Artist/Maker: Shop of William Buckland
Artist/Maker: William Bernard Sears
Origin: America, Virginia, Richmond County
OH: 32"; OW: 45 3/8"; OD: 31 1/4".
Cherry (by microanalysis), beech (by microanalysis), and marble.
Acc. No. 1993-64
Appearance: rectangular sideboard table on four projecting, canted legs in the form of architectural consoles with scrolled feet on blocks; the sides of each leg are carved with a large volute and an extended, full blown flower; the outward faces of the rear legs are molded; the outward faces of the front legs are molded and topped with carved acanthus leaves; front and side rails are trimmed with a large gadroon molding at the upper edge and rope molding at the lower edge; the front rails centers a large shell flanked by voluted acanthus leaves; the rectangular marble top is set within the rails and bordered by cherry facing strips.

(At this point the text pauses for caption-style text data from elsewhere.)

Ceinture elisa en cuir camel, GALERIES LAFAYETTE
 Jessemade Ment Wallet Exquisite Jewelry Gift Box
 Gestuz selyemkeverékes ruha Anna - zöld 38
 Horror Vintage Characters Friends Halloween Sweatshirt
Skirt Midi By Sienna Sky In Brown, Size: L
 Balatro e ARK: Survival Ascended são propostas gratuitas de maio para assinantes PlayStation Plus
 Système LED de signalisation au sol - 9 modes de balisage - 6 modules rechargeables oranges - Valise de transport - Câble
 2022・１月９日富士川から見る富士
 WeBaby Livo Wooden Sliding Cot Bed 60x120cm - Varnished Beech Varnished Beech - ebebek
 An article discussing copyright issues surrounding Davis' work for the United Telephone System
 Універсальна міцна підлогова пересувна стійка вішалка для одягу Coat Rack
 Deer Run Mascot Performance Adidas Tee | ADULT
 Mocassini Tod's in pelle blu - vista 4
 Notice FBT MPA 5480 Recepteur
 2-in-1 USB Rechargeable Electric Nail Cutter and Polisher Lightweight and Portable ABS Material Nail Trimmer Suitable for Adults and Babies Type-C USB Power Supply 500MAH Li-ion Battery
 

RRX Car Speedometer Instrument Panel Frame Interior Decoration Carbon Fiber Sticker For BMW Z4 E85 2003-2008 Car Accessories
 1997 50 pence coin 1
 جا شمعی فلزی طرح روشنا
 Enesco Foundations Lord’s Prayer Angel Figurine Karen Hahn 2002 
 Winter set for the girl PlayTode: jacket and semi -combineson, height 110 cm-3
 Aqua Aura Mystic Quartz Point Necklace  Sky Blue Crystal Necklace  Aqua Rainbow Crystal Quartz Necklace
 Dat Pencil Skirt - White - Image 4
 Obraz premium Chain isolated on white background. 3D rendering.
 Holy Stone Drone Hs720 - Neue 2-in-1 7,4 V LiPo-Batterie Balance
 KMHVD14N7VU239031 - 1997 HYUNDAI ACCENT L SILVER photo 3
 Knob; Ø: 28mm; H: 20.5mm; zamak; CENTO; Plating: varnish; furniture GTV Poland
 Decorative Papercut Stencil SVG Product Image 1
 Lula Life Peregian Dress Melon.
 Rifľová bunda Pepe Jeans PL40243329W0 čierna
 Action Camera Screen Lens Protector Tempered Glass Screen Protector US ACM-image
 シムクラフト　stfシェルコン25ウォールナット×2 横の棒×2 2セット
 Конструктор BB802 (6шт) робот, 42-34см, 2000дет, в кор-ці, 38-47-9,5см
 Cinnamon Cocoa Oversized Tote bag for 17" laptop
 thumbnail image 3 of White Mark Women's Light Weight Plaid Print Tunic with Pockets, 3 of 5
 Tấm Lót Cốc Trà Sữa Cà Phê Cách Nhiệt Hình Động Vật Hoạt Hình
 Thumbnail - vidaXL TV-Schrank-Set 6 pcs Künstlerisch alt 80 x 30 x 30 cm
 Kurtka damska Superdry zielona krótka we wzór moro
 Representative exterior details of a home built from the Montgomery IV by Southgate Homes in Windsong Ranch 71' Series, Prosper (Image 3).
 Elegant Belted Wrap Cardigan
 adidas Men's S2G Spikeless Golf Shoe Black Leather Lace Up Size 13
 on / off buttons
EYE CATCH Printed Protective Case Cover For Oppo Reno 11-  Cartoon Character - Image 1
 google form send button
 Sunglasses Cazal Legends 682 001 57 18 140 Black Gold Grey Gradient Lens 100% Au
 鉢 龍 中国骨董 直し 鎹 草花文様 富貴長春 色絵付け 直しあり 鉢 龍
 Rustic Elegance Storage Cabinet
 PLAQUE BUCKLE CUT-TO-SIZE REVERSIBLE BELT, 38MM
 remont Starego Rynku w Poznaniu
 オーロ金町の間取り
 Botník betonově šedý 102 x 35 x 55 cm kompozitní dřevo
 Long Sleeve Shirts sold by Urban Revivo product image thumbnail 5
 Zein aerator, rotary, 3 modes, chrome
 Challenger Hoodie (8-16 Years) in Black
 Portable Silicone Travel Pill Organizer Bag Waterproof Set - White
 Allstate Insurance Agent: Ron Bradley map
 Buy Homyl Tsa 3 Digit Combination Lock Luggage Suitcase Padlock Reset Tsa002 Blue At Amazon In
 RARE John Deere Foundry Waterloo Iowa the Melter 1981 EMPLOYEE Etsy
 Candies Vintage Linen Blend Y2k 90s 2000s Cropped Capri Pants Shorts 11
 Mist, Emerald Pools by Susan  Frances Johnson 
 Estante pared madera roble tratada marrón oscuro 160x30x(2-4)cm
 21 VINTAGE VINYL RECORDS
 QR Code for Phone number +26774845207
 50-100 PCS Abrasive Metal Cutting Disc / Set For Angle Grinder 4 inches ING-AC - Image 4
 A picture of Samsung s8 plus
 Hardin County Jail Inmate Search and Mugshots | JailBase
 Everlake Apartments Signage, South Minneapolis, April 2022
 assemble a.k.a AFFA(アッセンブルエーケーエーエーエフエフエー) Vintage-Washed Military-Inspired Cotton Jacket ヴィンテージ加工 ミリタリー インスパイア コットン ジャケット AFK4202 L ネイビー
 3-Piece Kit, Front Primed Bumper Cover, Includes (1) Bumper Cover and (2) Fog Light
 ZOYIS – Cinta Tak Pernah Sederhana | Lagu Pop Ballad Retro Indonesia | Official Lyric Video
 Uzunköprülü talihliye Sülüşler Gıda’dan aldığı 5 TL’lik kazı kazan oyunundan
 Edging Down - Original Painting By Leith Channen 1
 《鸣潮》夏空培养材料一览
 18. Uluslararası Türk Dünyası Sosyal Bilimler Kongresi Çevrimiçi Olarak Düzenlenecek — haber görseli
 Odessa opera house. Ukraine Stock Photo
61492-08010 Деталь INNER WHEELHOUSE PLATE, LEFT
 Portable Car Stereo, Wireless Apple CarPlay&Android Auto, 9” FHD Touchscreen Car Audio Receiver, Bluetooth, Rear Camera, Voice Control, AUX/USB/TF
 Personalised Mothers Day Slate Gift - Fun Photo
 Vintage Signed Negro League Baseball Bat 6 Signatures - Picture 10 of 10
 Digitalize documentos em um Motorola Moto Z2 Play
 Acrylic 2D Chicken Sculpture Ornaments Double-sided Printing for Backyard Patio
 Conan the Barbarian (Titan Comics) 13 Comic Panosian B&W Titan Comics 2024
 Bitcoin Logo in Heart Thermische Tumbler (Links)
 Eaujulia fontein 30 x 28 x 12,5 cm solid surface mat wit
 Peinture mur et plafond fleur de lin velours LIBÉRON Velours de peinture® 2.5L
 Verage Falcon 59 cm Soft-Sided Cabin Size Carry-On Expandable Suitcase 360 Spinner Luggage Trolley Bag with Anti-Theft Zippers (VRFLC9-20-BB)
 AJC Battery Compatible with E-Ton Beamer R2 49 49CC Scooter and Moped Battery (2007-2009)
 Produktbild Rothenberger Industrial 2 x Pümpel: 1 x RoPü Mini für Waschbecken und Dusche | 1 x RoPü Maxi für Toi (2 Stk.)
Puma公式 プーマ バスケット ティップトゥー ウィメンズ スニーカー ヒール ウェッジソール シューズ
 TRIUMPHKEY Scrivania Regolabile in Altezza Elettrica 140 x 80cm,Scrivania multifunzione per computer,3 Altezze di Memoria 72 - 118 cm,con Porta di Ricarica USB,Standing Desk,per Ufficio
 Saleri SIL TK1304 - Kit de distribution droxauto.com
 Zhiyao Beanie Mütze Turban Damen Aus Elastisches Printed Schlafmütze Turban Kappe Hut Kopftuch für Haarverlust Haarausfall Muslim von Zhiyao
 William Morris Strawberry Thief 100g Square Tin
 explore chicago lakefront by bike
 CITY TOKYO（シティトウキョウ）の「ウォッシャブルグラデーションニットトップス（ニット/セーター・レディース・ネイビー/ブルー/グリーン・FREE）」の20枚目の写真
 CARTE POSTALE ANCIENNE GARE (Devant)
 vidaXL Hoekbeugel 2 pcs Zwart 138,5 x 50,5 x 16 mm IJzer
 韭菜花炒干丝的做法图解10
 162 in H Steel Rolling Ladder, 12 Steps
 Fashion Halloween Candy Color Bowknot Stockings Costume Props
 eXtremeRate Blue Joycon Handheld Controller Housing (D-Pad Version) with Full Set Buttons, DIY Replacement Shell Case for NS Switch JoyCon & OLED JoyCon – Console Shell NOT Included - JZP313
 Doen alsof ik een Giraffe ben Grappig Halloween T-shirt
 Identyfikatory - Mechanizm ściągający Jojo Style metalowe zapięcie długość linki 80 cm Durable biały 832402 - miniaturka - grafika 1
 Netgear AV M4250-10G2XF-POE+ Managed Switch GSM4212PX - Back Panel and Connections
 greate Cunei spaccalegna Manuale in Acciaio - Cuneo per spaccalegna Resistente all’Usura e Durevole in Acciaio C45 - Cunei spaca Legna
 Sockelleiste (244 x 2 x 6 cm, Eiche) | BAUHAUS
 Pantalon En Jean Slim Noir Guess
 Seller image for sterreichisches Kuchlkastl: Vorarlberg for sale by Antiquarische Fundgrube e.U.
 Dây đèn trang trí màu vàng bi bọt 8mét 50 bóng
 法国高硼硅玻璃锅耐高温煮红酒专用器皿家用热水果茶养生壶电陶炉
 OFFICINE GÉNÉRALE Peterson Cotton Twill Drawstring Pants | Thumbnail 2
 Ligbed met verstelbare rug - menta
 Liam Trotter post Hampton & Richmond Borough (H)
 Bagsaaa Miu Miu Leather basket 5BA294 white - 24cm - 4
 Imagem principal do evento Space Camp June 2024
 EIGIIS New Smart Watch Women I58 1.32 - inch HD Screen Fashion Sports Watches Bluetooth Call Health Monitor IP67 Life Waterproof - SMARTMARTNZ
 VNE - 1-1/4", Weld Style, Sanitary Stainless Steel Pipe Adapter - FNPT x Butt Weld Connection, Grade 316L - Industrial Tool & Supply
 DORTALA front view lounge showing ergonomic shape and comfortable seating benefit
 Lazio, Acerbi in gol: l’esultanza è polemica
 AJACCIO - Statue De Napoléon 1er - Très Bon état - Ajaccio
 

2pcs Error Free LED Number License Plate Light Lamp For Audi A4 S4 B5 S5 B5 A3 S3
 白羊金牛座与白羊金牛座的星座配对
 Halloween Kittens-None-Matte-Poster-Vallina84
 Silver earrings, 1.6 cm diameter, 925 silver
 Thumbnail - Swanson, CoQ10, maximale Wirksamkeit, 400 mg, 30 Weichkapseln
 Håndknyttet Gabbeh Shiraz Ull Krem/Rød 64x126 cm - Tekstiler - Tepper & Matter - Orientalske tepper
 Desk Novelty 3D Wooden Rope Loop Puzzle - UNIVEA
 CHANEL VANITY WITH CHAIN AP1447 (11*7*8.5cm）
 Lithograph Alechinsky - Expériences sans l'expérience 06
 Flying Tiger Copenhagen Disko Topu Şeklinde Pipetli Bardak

Construction: The rails are tenoned into the legs and fastened with large pins. Three medial braces are open-dovetailed into the front and rear rails. The marble slab rests on these braces and fits into rabbets cut into the front and rear rails. Cherry facings are glued and nailed to the tops of the front and side rails to enframe the marble. The moldings on the front and side rails have complex miter joints at the projecting corners and are glued and nailed in place, as is the applied shell on the front. Each of the original foot blocks under the rear feet is held in place with four large rosehead nails set into countersunk holes.
Materials: Cherry front rail, side rails, upper rail facings, applied moldings, applied shell, legs, and foot blocks (by microanalysis); beech rear rail and medial braces (by microanalysis); marble top.
William Buckland (1734-1774), an English-trained builder active in eastern Virginia and Maryland during the third quarter of the eighteenth century, was responsible for some of the colonial Chesapeake’s most aspiring architectural productions and cabinet wares. Among the latter is this cherry sideboard table made during the 1760s for the Tayloe family of Mount Airy in Richmond County, Virginia. With its fully carved console legs, gadrooned rails, and marble top, this remarkably well-preserved object illustrates both Buckland’s considerable artistic vision and the skill of his employees. It also alludes to Buckland’s penchant for aesthetically integrated architectural schemes.
Born in Oxfordshire, Buckland was apprenticed in 1748 to his uncle, London joiner James Buckland. The young artisan completed his training in 1755 and soon signed an indenture with Virginian Thomson Mason. In return for passage to America and a modest annual salary, Buckland would serve Mason or his agent for four years "in the Employment of a Carpenter &. Joiner." In fact, Mason had secured Buckland’s services on behalf of his older brother, George (1725-1792), a rising Fairfax County planter and politician. Then in the midst of building Gunston Hall, a brick house on the Potomac River, the elder Mason required the services of a skilled carver and joiner. Like thousands of other British artisans, Buckland undoubtedly accepted the indenture hoping to find better career opportunities in the colonies.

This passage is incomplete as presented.